## DESCRIPTION OF THE TASK
Nothing in the data should be left out, so repeat it all exactly.

## RECORDS
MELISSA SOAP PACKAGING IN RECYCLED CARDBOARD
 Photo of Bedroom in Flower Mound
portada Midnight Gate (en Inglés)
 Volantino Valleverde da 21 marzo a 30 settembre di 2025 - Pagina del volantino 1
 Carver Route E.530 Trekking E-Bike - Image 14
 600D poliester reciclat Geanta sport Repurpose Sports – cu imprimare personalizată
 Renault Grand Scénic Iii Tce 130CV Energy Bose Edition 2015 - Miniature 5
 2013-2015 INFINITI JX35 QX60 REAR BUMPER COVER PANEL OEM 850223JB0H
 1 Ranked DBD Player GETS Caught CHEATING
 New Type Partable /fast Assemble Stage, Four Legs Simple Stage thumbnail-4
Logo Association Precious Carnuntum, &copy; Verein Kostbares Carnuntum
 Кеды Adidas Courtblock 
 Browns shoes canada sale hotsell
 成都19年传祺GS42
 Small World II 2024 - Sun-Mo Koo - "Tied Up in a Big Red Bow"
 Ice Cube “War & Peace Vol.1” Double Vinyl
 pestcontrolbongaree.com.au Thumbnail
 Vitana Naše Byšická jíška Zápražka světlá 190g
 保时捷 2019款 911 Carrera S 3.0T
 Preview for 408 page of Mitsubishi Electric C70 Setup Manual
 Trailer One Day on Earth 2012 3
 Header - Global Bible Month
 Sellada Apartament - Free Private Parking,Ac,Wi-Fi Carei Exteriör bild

## FINISHED TASK
MELISSA SOAP PACKAGING IN RECYCLED CARDBOARD
 Photo of Bedroom in Flower Mound
portada Midnight Gate (en Inglés)
 Volantino Valleverde da 21 marzo a 30 settembre di 2025 - Pagina del volantino 1
 Carver Route E.530 Trekking E-Bike - Image 14
 600D poliester reciclat Geanta sport Repurpose Sports – cu imprimare personalizată
 Renault Grand Scénic Iii Tce 130CV Energy Bose Edition 2015 - Miniature 5
 2013-2015 INFINITI JX35 QX60 REAR BUMPER COVER PANEL OEM 850223JB0H
 1 Ranked DBD Player GETS Caught CHEATING
 New Type Partable /fast Assemble Stage, Four Legs Simple Stage thumbnail-4
Logo Association Precious Carnuntum, &copy; Verein Kostbares Carnuntum
 Кеды Adidas Courtblock 
 Browns shoes canada sale hotsell
 成都19年传祺GS42
 Small World II 2024 - Sun-Mo Koo - "Tied Up in a Big Red Bow"
 Ice Cube “War & Peace Vol.1” Double Vinyl
 pestcontrolbongaree.com.au Thumbnail
 Vitana Naše Byšická jíška Zápražka světlá 190g
 保时捷 2019款 911 Carrera S 3.0T
 Preview for 408 page of Mitsubishi Electric C70 Setup Manual
 Trailer One Day on Earth 2012 3
 Header - Global Bible Month
 Sellada Apartament - Free Private Parking,Ac,Wi-Fi Carei Exteriör bild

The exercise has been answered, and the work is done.